Turning Point -- Guest Blog by Suzanne Lazear, author of INNOCENT DARKNESS

Katherine Longshore 12 Tuesday, February 21, 2012
I'm holed up cramming as much Tudor drama as I can into Book 2, so the lovely Suzanne Lazear, a 2k12 Classmate, has agreed to share a MAJOR turning point in her writing career with us.  Thank you, Suzanne!  And readers, don't forget to click the button in our header for a chance to win an ARC of Donna's debut, SKINNY.


I’ve wanted to be an author pretty much all my life.  Back in the third grade my teacher touted us “publishing” our own books as part of our curriculum.  I was heartbroken to discover “publishing” meant my mom using the school binding machine to turn our stories into little books.  I wanted my book to be in the bookstore—not displayed on a table in the school library.

I wrote stories instead of essays for assignments whenever I thought I could get away with it.  During freshman year of high school whenever we had “free” journaling in English I wrote an ongoing story about Elves. I read books about writing and querying.  I still have pages and pages of hand written chapters torn from notebooks in high school and college.  I regaled my friends with my crazy story ideas.  In graduate school sometimes I’d write stories instead of taking notes, since we all used laptops in class.

In late 2006, about a year before my ten year high school reunion, post grad school, marriage, and baby, I was sitting in front of the computer and I went, wow, ten years.  I always thought I’d have a book published by now.

Then I took a moment and thought about why I hadn’t published a book.

It hit me like a sack full of bricks.

In order to be published you have to sit down and write an entire manuscript.

I’d never, in all my years of writing, ever actually written an entire book from start to finish.  Short stories, but not a full novel.  I’d write chapters and chapters when inspiration struck, then as the ideas ran out another shiny idea would grab my attention and I’d write that one instead of finishing what I was working on.

So, for my 2007 new year’s resolution, my goal was to write an entire book from start to finish.  After two false starts, I wrote an entire 118k adult urban fantasy novel in three weeks.  (It was awful).  In 2007 I wrote four complete different manuscripts.  All pretty dreadful.
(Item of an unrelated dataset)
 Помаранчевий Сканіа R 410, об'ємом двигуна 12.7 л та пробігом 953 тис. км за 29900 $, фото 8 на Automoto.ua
I never looked back.  I still had the occasional false start as I figured out I liked certain genres more than others.  It wasn’t until mid-2008 I really starting figuring things out like when you write the end, your story is hardly finished, editing can often take longer than the actual drafting.  I also had to learn that books needed plots--they couldn’t just be thirty chapters of dialogue and explosions.  I hadn’t even attempted the next big step, querying, or truly or discovered the YA genre.  Those are other stories.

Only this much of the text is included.